Comme elle ni son mari n’avoient rien, tout leur fut bon, et si ne firent-ils pas grande fortune. Montigny, frère de Turmenies, un des gardes du trésor royal, étoit un des chambellans de M. le duc d’Orléans, à six mille livres d’appointements, qui le fit son premier maître d’hôtel à la mort de Matharel qui l’étoit. Mme de Sabran trouva que six mille livres de rente étoient toujours bonnes à prendre pour son mari, dont elle faisoit si peu de cas, qu’en parlant de lui elle ne l’appeloit que son mâtin. M. le duc d’Orléans lui donna la charge qu’il paya à Montigny. C’est elle qui, soupant avec M. le duc d’Orléans et ses roués, lui dit fort plaisamment que les princes et les laquais avoient été faits de la même pâte, que Dieu avoit dans la création séparée de celle dont il avoit tiré tous les autres hommes.

Toutes ses maîtresses, en même temps, avoient chacune leur tour. Ce qu’il y avoit d’heureux, c’est qu’elles pouvoient fort peu de chose et n’avoient part en aucun secret d’affaires, mais tiroient de l’argent, encore assez médiocrement ; le régent s’en amusoit et en faisoit le cas qu’il en devoit faire. Retournons maintenant d’où le voyage de M. et de Mme de Lorraine et ces bagatelles nous ont détournés.


  1. Nicolas-Joseph Foucault, dont il est ici question, avait été intendant dans les généralités de Pau, de Cahors, de Poitiers et de Caen. Il a laissé un journal où il retrace son administration de 1668 à 1709. ce journal inédit fait partie des manuscrits de la Bibliothèque impériale. Il confirme presque toujours ce que Saint-Simon dit de l’administration de Louis XIV et surtout de Louvois. On trouvera un extrait de ce journal dans les notes à la fin du volume.

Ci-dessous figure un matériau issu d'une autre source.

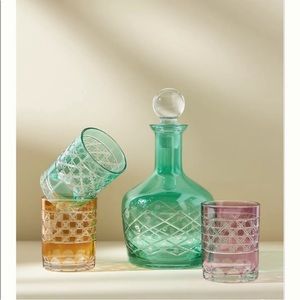 🆕 Anthro Bianca Decanter in jade green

  2. On a écrit à la marge du manuscrit : « Le duc de Saint-Simon se trompe. Le duc de Lorraine, le lendemain de son arrivée, 19 février, vit le roi. Ce fait est peu important ; mais il y a de l’affectation à dire le contraire. » Cette note marginale est probablement de M. Le Dran, comme celle que nous avons déjà citée, t. XIV, p. 339.